### How to complete this task
Starting with the first line, output the data exactly, through to the last line.

### Records for the task

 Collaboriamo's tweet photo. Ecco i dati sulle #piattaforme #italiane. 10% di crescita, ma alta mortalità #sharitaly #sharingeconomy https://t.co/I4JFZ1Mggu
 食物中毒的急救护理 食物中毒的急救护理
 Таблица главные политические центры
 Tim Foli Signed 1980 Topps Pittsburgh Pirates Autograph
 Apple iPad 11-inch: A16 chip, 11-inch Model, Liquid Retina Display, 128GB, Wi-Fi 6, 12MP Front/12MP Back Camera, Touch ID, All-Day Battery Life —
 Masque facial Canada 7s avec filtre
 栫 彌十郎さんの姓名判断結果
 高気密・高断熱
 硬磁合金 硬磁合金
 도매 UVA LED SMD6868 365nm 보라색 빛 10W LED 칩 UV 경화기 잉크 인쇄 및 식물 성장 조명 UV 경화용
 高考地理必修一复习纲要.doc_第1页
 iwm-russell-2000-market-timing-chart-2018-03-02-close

### Solution to this task
 Collaboriamo's tweet photo. Ecco i dati sulle #piattaforme #italiane. 10% di crescita, ma alta mortalità #sharitaly #sharingeconomy https://t.co/I4JFZ1Mggu
 食物中毒的急救护理 食物中毒的急救护理
 Таблица главные политические центры
 Tim Foli Signed 1980 Topps Pittsburgh Pirates Autograph
 Apple iPad 11-inch: A16 chip, 11-inch Model, Liquid Retina Display, 128GB, Wi-Fi 6, 12MP Front/12MP Back Camera, Touch ID, All-Day Battery Life —
 Masque facial Canada 7s avec filtre
 栫 彌十郎さんの姓名判断結果
 高気密・高断熱
 硬磁合金 硬磁合金
 도매 UVA LED SMD6868 365nm 보라색 빛 10W LED 칩 UV 경화기 잉크 인쇄 및 식물 성장 조명 UV 경화용
 高考地理必修一复习纲要.doc_第1页
 iwm-russell-2000-market-timing-chart-2018-03-02-close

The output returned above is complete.